This project proposes the further study of the geometric function theory in complex analysis and its applications. The geometric function theory, whose goal is to obtain qualitative characteristics of investigated objects when quantitative approach fails, is represented by several topics. (1) Studies of quotients of holomorphic loop spaces on complex manifolds, which are responsible for several intrinsic properties of the manifolds. Introducing different equivalence relations it is possible to construct objects ranging from holomorphic fundamental groups similar to classical fundamental groups to expansions of complex manifolds, where all holomorphic and plurisubharmonic functions can be extended. The initial work in this direction has shown an interesting mixture of analysis, geometry and topology. (2) Pluripotential theory on compact sets. In this setting such major tool as the Monge-Ampere equation does not work, while many classical questions have a natural reduction to the compact case. In particular, it is a problem of the existence of pluriharmonic fibrations of maximal plurisubharmonic functions. Since it is known that, in general, fibrations by complex curves do not exist, the PI will look for fibrations by compact sets such that the restrictions of a maximal plurisubharmonic function to these sets are pluriharmonic. (3) The theory of Hardy and Bergman spaces on hyperconvex domains. This is another topic that can be approached by geometric methods. Here the primary goal is the connection of the Poisson kernels with the geometry of the domains and applications to composition operators. As applications of the geometric function theory the PI is going to study such related subject as: uniform algebras, algebraic dependence of entire functions and approximation theory.
If the major advances in mathematics achieved in 19th and 20th centuries were due to our better quantitative skills, the modern mathematics became too complicated to be described by formulas. For example, such important objects as fractals cannot be described by any equations. This project intends to study complex mathematical problems using geometry. Geometry, as a part of mathematics, aims to describe qualitative, rather than quantitative, links between different objects. However, the geometric links can provide quantitative information about the subjects of study. The main goal of the project is to develop tools which can allow us to find geometric links between properties of functions and properties of their domains when complex numbers are involved. In its turn the knowledge of these links will lead us to better understanding of other areas of mathematics such as: the geometry of complex spaces, the transcendental numbers and the theory of approximation of functions by polynomials. As a broader impact, funding for this project will support the infrastructure of the Syracuse University's analysis group, which has historically been very strong. Some of the questions raised by this research will lead to PhD dissertation topics for graduate students, and others will provide an opportunity to involve undergraduate students in mathematical research. The funds will be used to allow PhD students to attend conferences for learning and disseminating their own achievements. A textbook which will be written as a part of the proposal will allow students in mid-size universities to access this important subject.

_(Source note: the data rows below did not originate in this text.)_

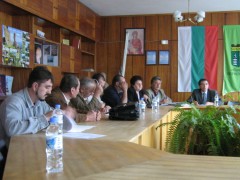 ИМА СПОРАЗУМЕНИЕ ЗА ИЗБИРАТЕЛНАТА КОМИСИЯ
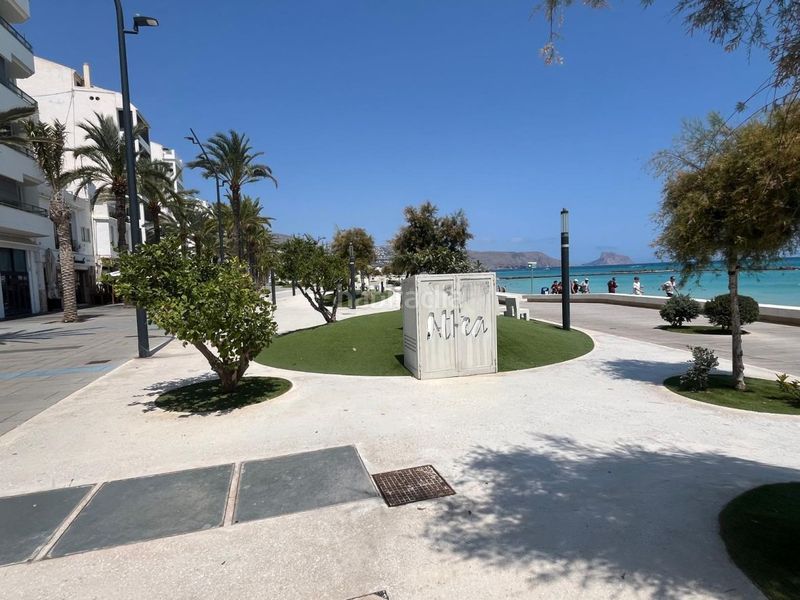 Foto 0d0e2e5c-26d0-4708-af31-53bed73c7024. Apartament a Altea ciudad Altea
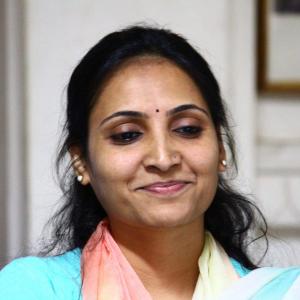 Sunayana Rathore
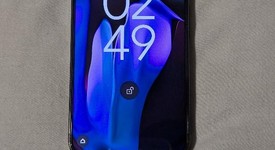 Fair
													Google Pixel 9 Pro XL - T-Mobile, Obsidian, 256 GB, 16 GB, GGX8B, photo 1 of 16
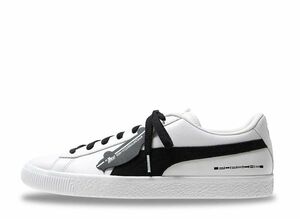 Porsche Puma Suede RS 2.7 Limited Edition "White/Black" 26.5cm 307423-01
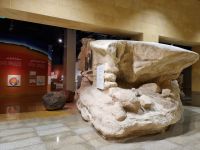 Riad - Nationalmuseum von Saudi-Arabien 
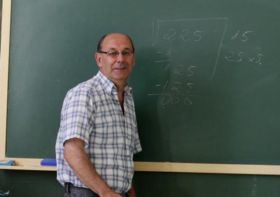 Un xic de tot amb Jordi Piqué 20.08.15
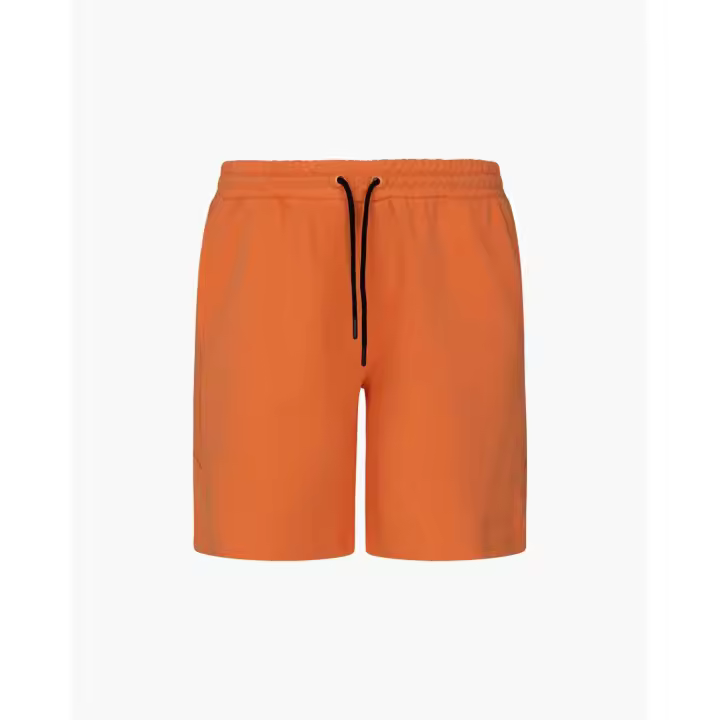 Pantalón corto Cruyff, modelo Booster CSA231038-351 Coral. - 1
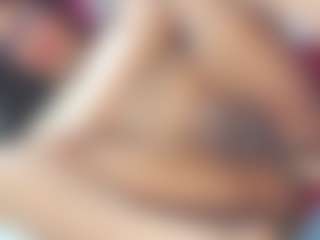 Show in cam erotica live di Camilastar-89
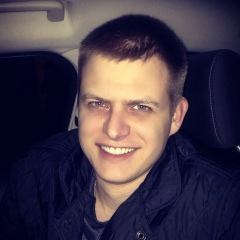 Артем Евдокименко, 26.05, Санкт-Петербург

The Intellectual Merit of this proposal is the development of a geometric approach to different subjects complex analysis and its applications. One of the most interesting questions of mathematics is how far can we extend a mathematical object? For example, how far can I draw a line? And if above this line there is a graph can I extend this graph with the line preserving its properties? The first part of PI's work on the project last year was devoted exactly to these questions, where the objects were complex manifolds and plurisubharmonic functions. It was shown that under some conditions we can close holes in complex manifolds and extend there some useful functions. The second part of his work was devoted to introduction of algebraic methods to geometric problems. It is known that combinations of algebra and geometry bring new results and better understanding. PI's work led to discovery of algebraic structures where they were not known and hopefully these structures will be beneficial for the subject. The third part was dealing with adding flexibility to existing spaces of functions. Their properties play an important role in solving different problems however are dificult to establish. PI's work suggested tweaked versions of these spaces in expectation that they will be easier to use. As a broader impact, funding for this project supported the infrastructure of the Syracuse University's analysis group, which has historically been very strong. The project made an impact on the graduate program at SU: some of the questions raised by this research led to the PhD dissertation topics for graduate students. The book which the PI is writing as a part of the project will allow students in mid-size universities to access this important subject.